Mattot-Massei: A Sojourn in Germany

By: Rabbi Jay Kelman |

“And these are the travels of the children of Israel”. We know little of many of the places the Jewish people encamped during their stay in the desert; the fact that Jews once lived in these places makes them worthy of mention in the Torah. Much of the parshiot of Mattot and Massei (and sefer Bamidbar, for that matter) deals with the issue of one’s place of abode.

It is here, in this week’s parshiot, that the tribes of Reuven and Gad ask to be allowed to live on the “other” side of the Jordan; here that the obligation of one guilty of manslaughter to move to a designated city is recorded; here that the borders of the land of Israel are given. Even the laws that open our Torah reading, the rules for annulling the vows of a young lady, are dependent on whether she is still living in her father’s home.

Sefer Bamidbar itself begins with the journey from Egypt to Israel, and (quite unexpectedly) ends with a recounting of the story of the daughters of Zelofchad, who so desired to live on their own land in Israel.

The Talmud notes that people have a natural love for their homeland—something that goes a long way towards explaining why so few from the west make aliyah, and making the mitzvah that much more powerful for those who do.

We have just completed a most wonderful journey through Jewish history in Italy. We are accustomed to speaking of Ashkenazic and Sephardic Jews, but as the oldest Jewish community in the Diaspora, Italian Jewry has developed its own customs. They have their own, completely unique culture and history, one with which few are familiar.

As I write this, I am sitting in my hotel room in Frankfurt, Germany, just before Shabbat. The idea of spending a Shabbat in Germany, the country that perpetrated the greatest of evils, is on the one hand unsettling; yet on the other, tremendously meaningful.

Since the Holocaust, few (if any) countries have confronted their past as much as Germany has. Many other countries that do not evoke the same emotional reaction have yet to do so. There are several other European countries that exhibit much greater anti-Semitism than Germany does. Germany and Israel have developed close ties, and the economic benefits flowing from Germany to Israel and the Jewish people have been enormous. And as the Torah notes, we must not punish the sons for the sins of the fathers. Today, Germany has a growing Jewish population—one of the few (perhaps the only) Diaspora communities that can make such a claim.

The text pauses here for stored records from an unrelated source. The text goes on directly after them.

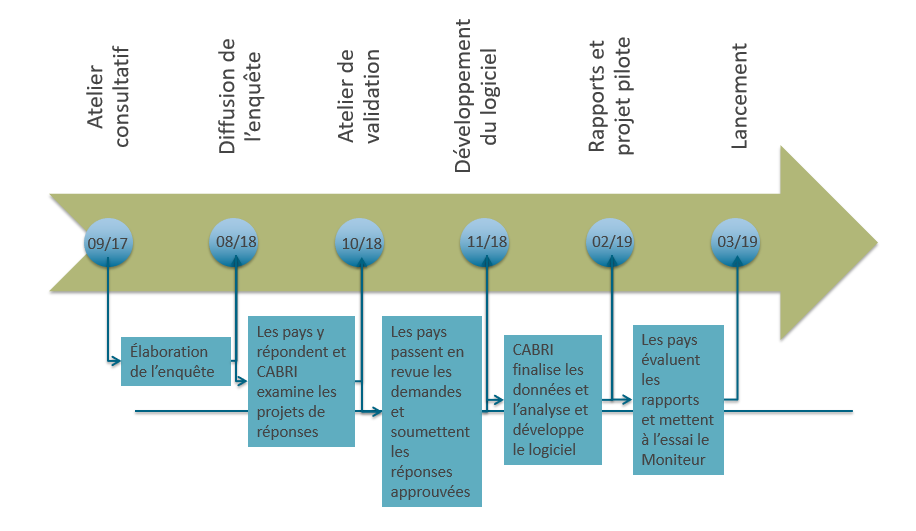 Adm Timeline Blog Fr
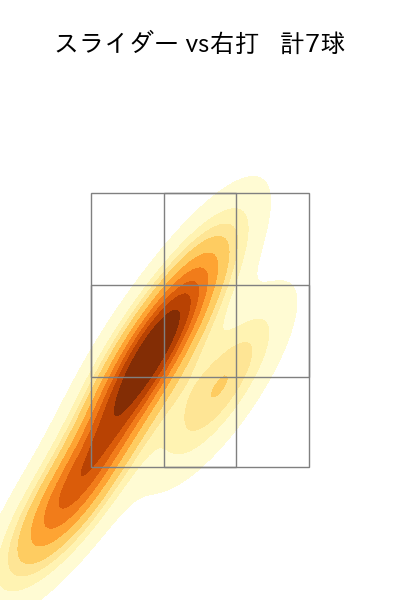 池田 隆英 配球ヒートマップ(2024年7月)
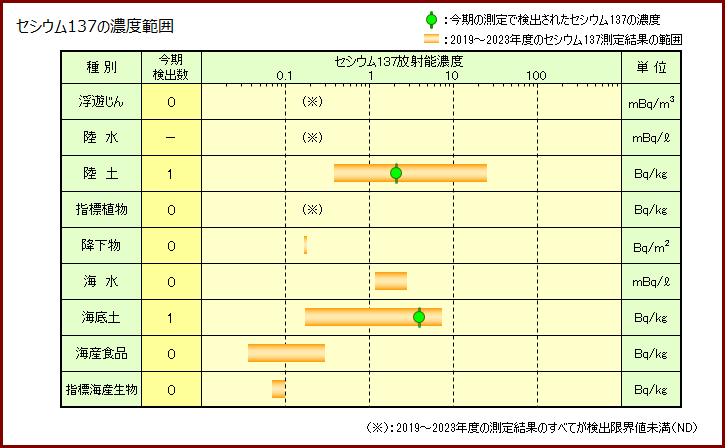 セシウム137の濃度範囲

Yet when I got off the plane and heard people speaking German as I moved through the airport and checked into our hotel yesterday, I felt a bit queasy. I could think only about what this country did to our people and the world. Being here was hard, despite the fact that, with my ancestors arriving in America in the early 20th century, my immediate family was almost untouched by the horrors of the Holocaust.

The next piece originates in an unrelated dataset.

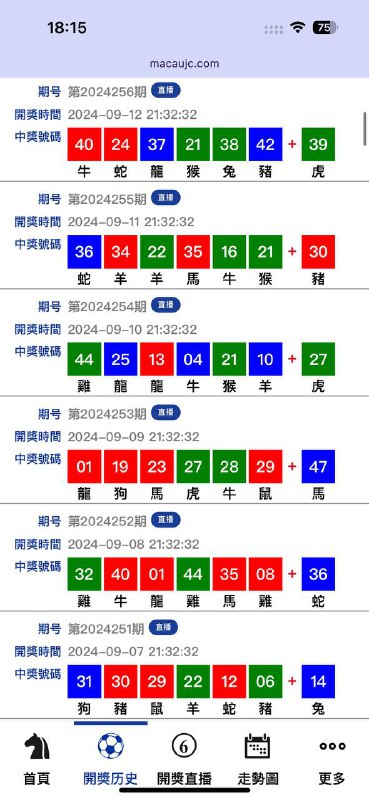 Image from post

Today, I spent the day immersed in Jewish history, walking around with only a kippa on my head. Standing at the graves of such luminaries as Rabbeinu Gershom, the Mahram of Rotenburg (and the one who redeemed his body from captivity), the Maharil, the Chovot Yair, the P’nei Yehoshua, Rav Pinchas Horowitz, Rav Natan Adler, Rav Shimshon Raphael Hirsch, and many others was truly inspiring. While many may not be familiar with every name, nor their enormous contributions to Judaism, it suffices to say that world Jewry—especially Ashkenazic Jewry—was molded by these giants.

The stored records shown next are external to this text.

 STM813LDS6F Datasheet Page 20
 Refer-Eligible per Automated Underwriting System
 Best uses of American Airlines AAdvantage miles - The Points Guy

There is much blood that flows from Germany. Yet our glorious past gives us so much inspiration, and makes me feel blessed to be part of this great people.

Our ancestors wandered aimlessly for 40 years, spending time in 42 different places. Yet sefer Devarim, which is always read on the Shabbat before Tisha B’Av, details the preparations for entry into the land of Israel.

We have wandered from place to place, covering the four corners of the globe. We have had golden ages and periods of peace, but also pogroms, persecution, and death. We are the children of those who came before us; and for reasons that we cannot understand, our generation has been blessed with the opportunity to return home. Thankfully, many of us have. And I—and others like me, who have not yet returned—still reap the tremendous benefits of having a state. Unlike the tribes of Reuven and Gad, we have settled in the Diaspora without first helping to conquer the land.

May the Jewish people build a home that reflects the glories of our past, but is blessed with blessing of peace.